The response must reproduce every record below without alteration.

──────── Provided entries

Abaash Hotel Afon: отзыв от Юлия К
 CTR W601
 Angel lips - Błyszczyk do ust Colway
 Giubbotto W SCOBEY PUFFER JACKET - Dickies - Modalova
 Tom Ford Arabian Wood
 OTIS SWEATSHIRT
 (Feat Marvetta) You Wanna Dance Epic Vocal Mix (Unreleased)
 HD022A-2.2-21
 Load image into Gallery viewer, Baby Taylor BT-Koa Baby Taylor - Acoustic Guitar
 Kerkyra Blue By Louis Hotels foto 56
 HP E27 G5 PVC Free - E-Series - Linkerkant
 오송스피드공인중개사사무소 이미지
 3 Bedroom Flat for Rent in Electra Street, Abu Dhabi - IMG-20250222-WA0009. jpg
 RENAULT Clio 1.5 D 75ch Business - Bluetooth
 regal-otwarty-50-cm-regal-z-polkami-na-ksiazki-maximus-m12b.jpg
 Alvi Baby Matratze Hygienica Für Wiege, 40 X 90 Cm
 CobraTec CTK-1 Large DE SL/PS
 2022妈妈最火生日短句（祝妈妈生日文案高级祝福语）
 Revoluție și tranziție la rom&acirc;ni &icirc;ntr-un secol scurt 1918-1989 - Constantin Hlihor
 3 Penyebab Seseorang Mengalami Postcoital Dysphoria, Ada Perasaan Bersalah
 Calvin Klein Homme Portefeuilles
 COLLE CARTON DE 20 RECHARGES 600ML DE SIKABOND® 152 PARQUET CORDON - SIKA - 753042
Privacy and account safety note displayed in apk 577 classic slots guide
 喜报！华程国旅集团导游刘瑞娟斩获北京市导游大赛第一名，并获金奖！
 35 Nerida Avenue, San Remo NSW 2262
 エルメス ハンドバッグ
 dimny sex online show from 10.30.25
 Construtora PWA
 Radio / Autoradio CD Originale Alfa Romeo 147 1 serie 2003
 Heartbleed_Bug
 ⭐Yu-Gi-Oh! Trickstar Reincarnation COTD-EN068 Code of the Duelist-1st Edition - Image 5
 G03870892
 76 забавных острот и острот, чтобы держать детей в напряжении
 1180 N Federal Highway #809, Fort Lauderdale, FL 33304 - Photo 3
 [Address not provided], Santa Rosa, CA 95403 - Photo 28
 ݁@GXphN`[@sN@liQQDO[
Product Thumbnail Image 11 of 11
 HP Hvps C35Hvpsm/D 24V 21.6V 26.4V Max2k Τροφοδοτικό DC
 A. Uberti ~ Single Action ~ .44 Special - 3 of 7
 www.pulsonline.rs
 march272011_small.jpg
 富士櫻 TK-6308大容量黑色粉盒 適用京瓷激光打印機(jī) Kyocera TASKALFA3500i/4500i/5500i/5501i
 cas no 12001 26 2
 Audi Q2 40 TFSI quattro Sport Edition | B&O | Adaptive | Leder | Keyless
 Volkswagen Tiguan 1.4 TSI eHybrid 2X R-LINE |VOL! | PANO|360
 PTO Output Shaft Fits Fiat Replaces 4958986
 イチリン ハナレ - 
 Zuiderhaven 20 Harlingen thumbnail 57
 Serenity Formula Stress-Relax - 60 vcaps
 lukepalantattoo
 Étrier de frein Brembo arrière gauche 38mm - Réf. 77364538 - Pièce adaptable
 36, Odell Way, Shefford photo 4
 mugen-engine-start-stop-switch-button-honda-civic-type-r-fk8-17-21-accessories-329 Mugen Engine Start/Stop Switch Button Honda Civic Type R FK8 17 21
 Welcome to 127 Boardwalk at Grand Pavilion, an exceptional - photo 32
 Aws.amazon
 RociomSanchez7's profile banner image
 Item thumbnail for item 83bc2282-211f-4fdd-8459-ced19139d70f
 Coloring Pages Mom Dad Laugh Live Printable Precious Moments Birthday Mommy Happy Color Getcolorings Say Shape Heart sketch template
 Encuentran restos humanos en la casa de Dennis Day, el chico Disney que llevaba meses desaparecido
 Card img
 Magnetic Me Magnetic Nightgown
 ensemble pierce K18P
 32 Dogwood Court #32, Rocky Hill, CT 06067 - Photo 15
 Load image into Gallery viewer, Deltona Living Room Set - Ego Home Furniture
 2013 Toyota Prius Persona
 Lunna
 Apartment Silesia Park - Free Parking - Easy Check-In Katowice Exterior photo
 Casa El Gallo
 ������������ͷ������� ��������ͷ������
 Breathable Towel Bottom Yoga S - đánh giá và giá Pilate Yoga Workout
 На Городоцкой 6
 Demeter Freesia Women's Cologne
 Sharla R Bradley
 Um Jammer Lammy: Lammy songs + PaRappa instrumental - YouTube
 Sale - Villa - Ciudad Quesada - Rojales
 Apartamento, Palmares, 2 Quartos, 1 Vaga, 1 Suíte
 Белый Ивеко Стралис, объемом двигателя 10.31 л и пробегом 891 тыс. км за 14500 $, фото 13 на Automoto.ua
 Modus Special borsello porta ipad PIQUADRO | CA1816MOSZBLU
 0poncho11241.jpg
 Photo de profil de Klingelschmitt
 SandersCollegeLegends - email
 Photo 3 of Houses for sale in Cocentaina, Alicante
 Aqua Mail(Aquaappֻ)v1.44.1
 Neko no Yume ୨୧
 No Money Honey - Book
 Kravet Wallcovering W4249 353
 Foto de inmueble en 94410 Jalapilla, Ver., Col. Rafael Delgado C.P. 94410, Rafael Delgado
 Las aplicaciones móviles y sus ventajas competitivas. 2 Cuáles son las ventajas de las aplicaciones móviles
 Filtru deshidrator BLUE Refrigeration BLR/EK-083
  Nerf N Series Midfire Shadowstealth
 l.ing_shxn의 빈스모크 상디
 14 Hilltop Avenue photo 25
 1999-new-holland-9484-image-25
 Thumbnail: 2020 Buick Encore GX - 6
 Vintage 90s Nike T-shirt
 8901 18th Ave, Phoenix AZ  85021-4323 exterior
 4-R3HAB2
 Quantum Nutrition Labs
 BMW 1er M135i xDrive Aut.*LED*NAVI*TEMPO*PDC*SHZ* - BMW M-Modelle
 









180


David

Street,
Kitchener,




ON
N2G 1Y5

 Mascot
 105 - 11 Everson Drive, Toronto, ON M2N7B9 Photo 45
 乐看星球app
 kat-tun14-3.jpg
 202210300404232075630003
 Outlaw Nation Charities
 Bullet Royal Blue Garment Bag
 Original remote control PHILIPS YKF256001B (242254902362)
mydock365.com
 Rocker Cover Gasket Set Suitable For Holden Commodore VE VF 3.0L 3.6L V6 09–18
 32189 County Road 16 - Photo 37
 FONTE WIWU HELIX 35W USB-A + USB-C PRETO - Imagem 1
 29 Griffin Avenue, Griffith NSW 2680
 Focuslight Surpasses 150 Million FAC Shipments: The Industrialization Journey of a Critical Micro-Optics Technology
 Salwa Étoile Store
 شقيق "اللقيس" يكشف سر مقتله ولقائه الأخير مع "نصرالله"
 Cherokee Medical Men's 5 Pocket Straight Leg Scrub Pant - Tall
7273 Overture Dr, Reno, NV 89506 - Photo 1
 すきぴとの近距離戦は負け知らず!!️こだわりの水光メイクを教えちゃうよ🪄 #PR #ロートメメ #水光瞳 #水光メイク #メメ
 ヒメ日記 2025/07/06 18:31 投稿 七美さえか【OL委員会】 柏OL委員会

────────────────

Written response
Abaash Hotel Afon: отзыв от Юлия К
 CTR W601
 Angel lips - Błyszczyk do ust Colway
 Giubbotto W SCOBEY PUFFER JACKET - Dickies - Modalova
 Tom Ford Arabian Wood
 OTIS SWEATSHIRT
 (Feat Marvetta) You Wanna Dance Epic Vocal Mix (Unreleased)
 HD022A-2.2-21
 Load image into Gallery viewer, Baby Taylor BT-Koa Baby Taylor - Acoustic Guitar
 Kerkyra Blue By Louis Hotels foto 56
 HP E27 G5 PVC Free - E-Series - Linkerkant
 오송스피드공인중개사사무소 이미지
 3 Bedroom Flat for Rent in Electra Street, Abu Dhabi - IMG-20250222-WA0009. jpg
 RENAULT Clio 1.5 D 75ch Business - Bluetooth
 regal-otwarty-50-cm-regal-z-polkami-na-ksiazki-maximus-m12b.jpg
 Alvi Baby Matratze Hygienica Für Wiege, 40 X 90 Cm
 CobraTec CTK-1 Large DE SL/PS
 2022妈妈最火生日短句（祝妈妈生日文案高级祝福语）
 Revoluție și tranziție la rom&acirc;ni &icirc;ntr-un secol scurt 1918-1989 - Constantin Hlihor
 3 Penyebab Seseorang Mengalami Postcoital Dysphoria, Ada Perasaan Bersalah
 Calvin Klein Homme Portefeuilles
 COLLE CARTON DE 20 RECHARGES 600ML DE SIKABOND® 152 PARQUET CORDON - SIKA - 753042
Privacy and account safety note displayed in apk 577 classic slots guide
 喜报！华程国旅集团导游刘瑞娟斩获北京市导游大赛第一名，并获金奖！
 35 Nerida Avenue, San Remo NSW 2262
 エルメス ハンドバッグ
 dimny sex online show from 10.30.25
 Construtora PWA
 Radio / Autoradio CD Originale Alfa Romeo 147 1 serie 2003
 Heartbleed_Bug
 ⭐Yu-Gi-Oh! Trickstar Reincarnation COTD-EN068 Code of the Duelist-1st Edition - Image 5
 G03870892
 76 забавных острот и острот, чтобы держать детей в напряжении
 1180 N Federal Highway #809, Fort Lauderdale, FL 33304 - Photo 3
 [Address not provided], Santa Rosa, CA 95403 - Photo 28
 ݁@GXphN`[@sN@liQQDO[
Product Thumbnail Image 11 of 11
 HP Hvps C35Hvpsm/D 24V 21.6V 26.4V Max2k Τροφοδοτικό DC
 A. Uberti ~ Single Action ~ .44 Special - 3 of 7
 www.pulsonline.rs
 march272011_small.jpg
 富士櫻 TK-6308大容量黑色粉盒 適用京瓷激光打印機(jī) Kyocera TASKALFA3500i/4500i/5500i/5501i
 cas no 12001 26 2
 Audi Q2 40 TFSI quattro Sport Edition | B&O | Adaptive | Leder | Keyless
 Volkswagen Tiguan 1.4 TSI eHybrid 2X R-LINE |VOL! | PANO|360
 PTO Output Shaft Fits Fiat Replaces 4958986
 イチリン ハナレ - 
 Zuiderhaven 20 Harlingen thumbnail 57
 Serenity Formula Stress-Relax - 60 vcaps
 lukepalantattoo
 Étrier de frein Brembo arrière gauche 38mm - Réf. 77364538 - Pièce adaptable
 36, Odell Way, Shefford photo 4
 mugen-engine-start-stop-switch-button-honda-civic-type-r-fk8-17-21-accessories-329 Mugen Engine Start/Stop Switch Button Honda Civic Type R FK8 17 21
 Welcome to 127 Boardwalk at Grand Pavilion, an exceptional - photo 32
 Aws.amazon
 RociomSanchez7's profile banner image
 Item thumbnail for item 83bc2282-211f-4fdd-8459-ced19139d70f
 Coloring Pages Mom Dad Laugh Live Printable Precious Moments Birthday Mommy Happy Color Getcolorings Say Shape Heart sketch template
 Encuentran restos humanos en la casa de Dennis Day, el chico Disney que llevaba meses desaparecido
 Card img
 Magnetic Me Magnetic Nightgown
 ensemble pierce K18P
 32 Dogwood Court #32, Rocky Hill, CT 06067 - Photo 15
 Load image into Gallery viewer, Deltona Living Room Set - Ego Home Furniture
 2013 Toyota Prius Persona
 Lunna
 Apartment Silesia Park - Free Parking - Easy Check-In Katowice Exterior photo
 Casa El Gallo
 ������������ͷ������� ��������ͷ������
 Breathable Towel Bottom Yoga S - đánh giá và giá Pilate Yoga Workout
 На Городоцкой 6
 Demeter Freesia Women's Cologne
 Sharla R Bradley
 Um Jammer Lammy: Lammy songs + PaRappa instrumental - YouTube
 Sale - Villa - Ciudad Quesada - Rojales
 Apartamento, Palmares, 2 Quartos, 1 Vaga, 1 Suíte
 Белый Ивеко Стралис, объемом двигателя 10.31 л и пробегом 891 тыс. км за 14500 $, фото 13 на Automoto.ua
 Modus Special borsello porta ipad PIQUADRO | CA1816MOSZBLU
 0poncho11241.jpg
 Photo de profil de Klingelschmitt
 SandersCollegeLegends - email
 Photo 3 of Houses for sale in Cocentaina, Alicante
 Aqua Mail(Aquaappֻ)v1.44.1
 Neko no Yume ୨୧
 No Money Honey - Book
 Kravet Wallcovering W4249 353
 Foto de inmueble en 94410 Jalapilla, Ver., Col. Rafael Delgado C.P. 94410, Rafael Delgado
 Las aplicaciones móviles y sus ventajas competitivas. 2 Cuáles son las ventajas de las aplicaciones móviles
 Filtru deshidrator BLUE Refrigeration BLR/EK-083
  Nerf N Series Midfire Shadowstealth
 l.ing_shxn의 빈스모크 상디
 14 Hilltop Avenue photo 25
 1999-new-holland-9484-image-25
 Thumbnail: 2020 Buick Encore GX - 6
 Vintage 90s Nike T-shirt
 8901 18th Ave, Phoenix AZ  85021-4323 exterior
 4-R3HAB2
 Quantum Nutrition Labs
 BMW 1er M135i xDrive Aut.*LED*NAVI*TEMPO*PDC*SHZ* - BMW M-Modelle
 









180


David

Street,
Kitchener,




ON
N2G 1Y5

 Mascot
 105 - 11 Everson Drive, Toronto, ON M2N7B9 Photo 45
 乐看星球app
 kat-tun14-3.jpg
 202210300404232075630003
 Outlaw Nation Charities
 Bullet Royal Blue Garment Bag
 Original remote control PHILIPS YKF256001B (242254902362)
mydock365.com
 Rocker Cover Gasket Set Suitable For Holden Commodore VE VF 3.0L 3.6L V6 09–18
 32189 County Road 16 - Photo 37
 FONTE WIWU HELIX 35W USB-A + USB-C PRETO - Imagem 1
 29 Griffin Avenue, Griffith NSW 2680
 Focuslight Surpasses 150 Million FAC Shipments: The Industrialization Journey of a Critical Micro-Optics Technology
 Salwa Étoile Store
 شقيق "اللقيس" يكشف سر مقتله ولقائه الأخير مع "نصرالله"
 Cherokee Medical Men's 5 Pocket Straight Leg Scrub Pant - Tall
7273 Overture Dr, Reno, NV 89506 - Photo 1
 すきぴとの近距離戦は負け知らず!!️こだわりの水光メイクを教えちゃうよ🪄 #PR #ロートメメ #水光瞳 #水光メイク #メメ
 ヒメ日記 2025/07/06 18:31 投稿 七美さえか【OL委員会】 柏OL委員会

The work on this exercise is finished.